## [PROBLEM TO WORK ON]
At the line with "Así se ponen", start transcribing; stop after the last line of the data below. Keep it exact and leave pictures out.

## [SUPPLIED INFORMATION]

○ ○ ○

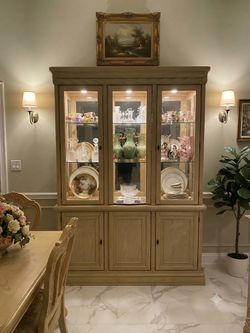 Vintage  High End Bernhardt  large China cabinet and Buffet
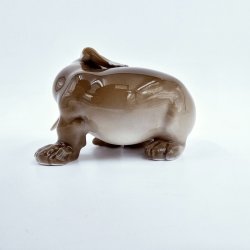 Royal Copenhagen Gravhund nr. 1407. sortering 2 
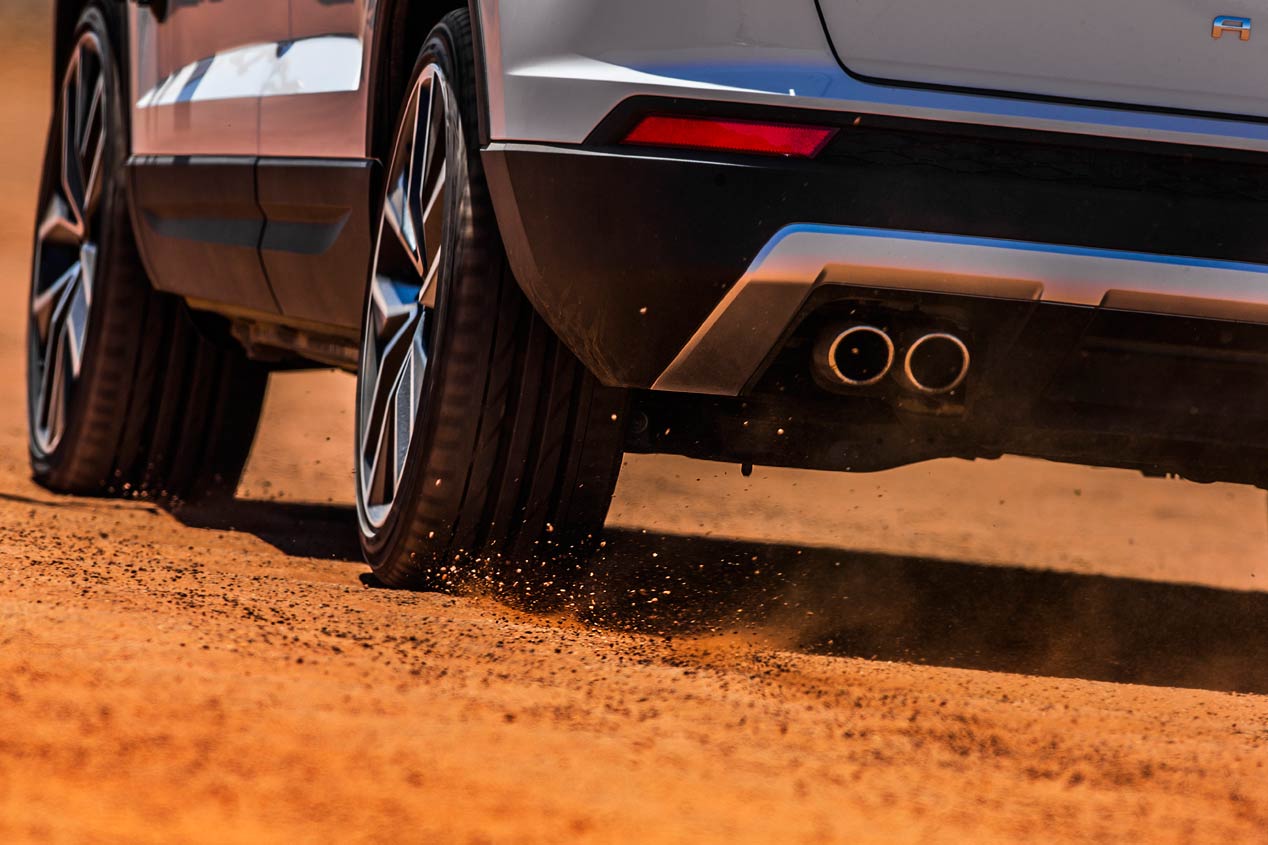 Así se ponen al límite las piezas de los coches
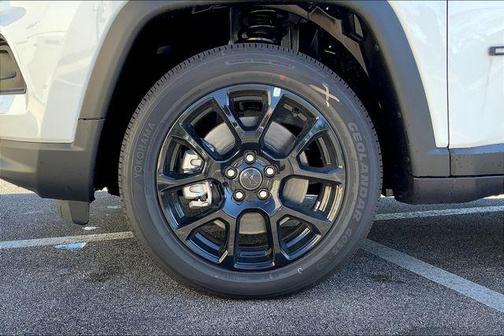 Bright White Clearcoat 2026 Jeep Compass Latitude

○ ○ ○

## [SOLUTION TO THE PROBLEM]
 Así se ponen al límite las piezas de los coches
 Bright White Clearcoat 2026 Jeep Compass Latitude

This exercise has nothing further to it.